HBO's The Pee-wee Herman Show on Broadway, premiering Saturday, March 19th at 9 p.m. central, provides further evidence that a show can go on for too long. Although it must be said that the audience in attendance at the Stephen Sondheim Theatre is hyper-enthusiastic throughout this 90-minute re-do of Pee-wee's Playhouse, which originally had a Saturday morning CBS berth from 1986 to 1991. Perhaps Pee-wee (Paul Reubens) first plied them with lots 'n' lots of heavily sugared candies. Or other sensory stimuli.

Anyway, it's a long pull that can be fun and funny -- and more than a wee bit tedious. But TV viewers have an advantage the theater audience didn't. Many of Pee-wee's reactions, and those of his characters, are caught in close-up. Which is a considerable plus for us. Ask those who were seated in the balcony.

Still, "I know you are, but what am I?" has its limits. As do jokes that are aimed at the kid in all of us, but nonetheless land with a thud.

"It took me six months to cure that jerky," says Cowboy Curtis, played by Laurence Fishburne in the original Playhouse and now by Phil LaMarr.

"Oh, no, what did it have?" replies Pee-wee.

HBO says its presentation was filmed "immediately following" the show's successful run from Nov. 11th, 2010 to Jan. 2nd of this year. The playhouse as some of us once knew it is meticulously recreated in all of its day-glo glory. And just about all of the main human and non-human characters are back, with the exception of Captain Carl (played by the late Phil Hartman) and Reba the Mail Lady (Emmy-winner S. Epatha Merkerson of subsequent Law & Order fame).

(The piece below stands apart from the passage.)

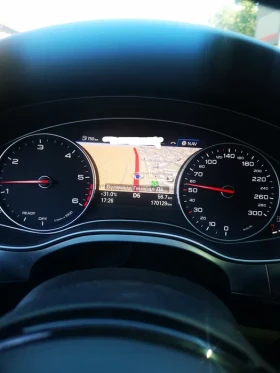 Audi A6 3.0BiTdi, снимка 10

Reubens/Herman begins the show with a hearty "Good morning, boys and girls." Seemingly everyone in the audience happily responds in unison before he leads them in a completely straight Pledge of Allegiance.

Two actors return from the old days. Lynne Marie Stewart again plays the flirty, gaudy Miss Yvonne while John Paragon voices the wish-granting Jambi the Genie, who's seen only from the neck up in a bejeweled box. Pee-wee keeps wishing he could fly, but of course can't achieve liftoff until a big finish you know is coming.

CBS abruptly dropped its Playhouse repeats in 1991 after Reubens, now 58, was arrested for allegedly exposing himself in a Florida movie theater. The Broadway show doesn't go there. But it does include several out-of-place double entendre jokes ("Wow, you sure got a big hose," Pee-wee tells a firefighter) and a brief pro-gay marriage message. Pee-wee also shows off his "abstinence ring."

If there's a show-stealer, it's the King of Cartoons, buoyantly played by Lance Roberts (in place of predecessors Gilbert Lewis and William H. Marshall). The King immediately makes his presence felt before Pee-wee amusingly gathers an armload of snacks for the cartoon at hand.

A new character named Sergio (Jesse Garcia) is a Mr. Fix-It brought in to wire up Pee-wee's new computer. The perils of fixated social networking eventually are exposed before order is restored after a blackout.

Pee-wee's Playhouse also triggered several successful feature films, and Reubens reportedly is in talks with director Judd Apatow (Knocked Up, Superbad) to make a new one.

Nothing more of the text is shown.